- _DATASET SECTION_
--------

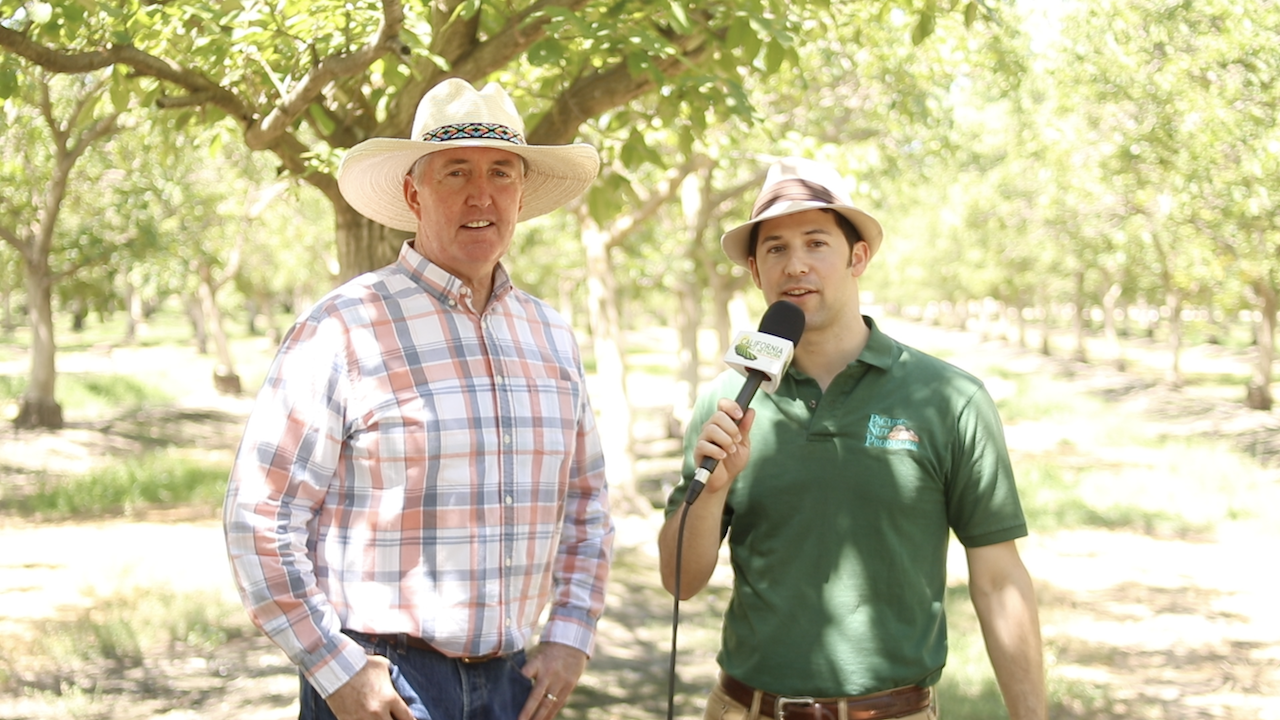 Exploring Different Options for On-Farm Groundwater Recharge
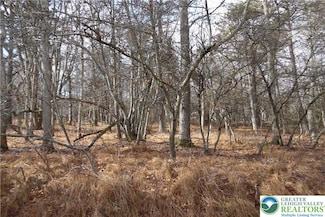 1922 E Old Stage Rd, Penn Forest Township, PA 18210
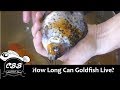 Maximizing Goldfish Lifespan: Essential Care and Water Quality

--------

For this exercise, return the data above exactly and leave every picture out.

- _SOLUTION TO THIS TASK_
 Exploring Different Options for On-Farm Groundwater Recharge
 1922 E Old Stage Rd, Penn Forest Township, PA 18210
 Maximizing Goldfish Lifespan: Essential Care and Water Quality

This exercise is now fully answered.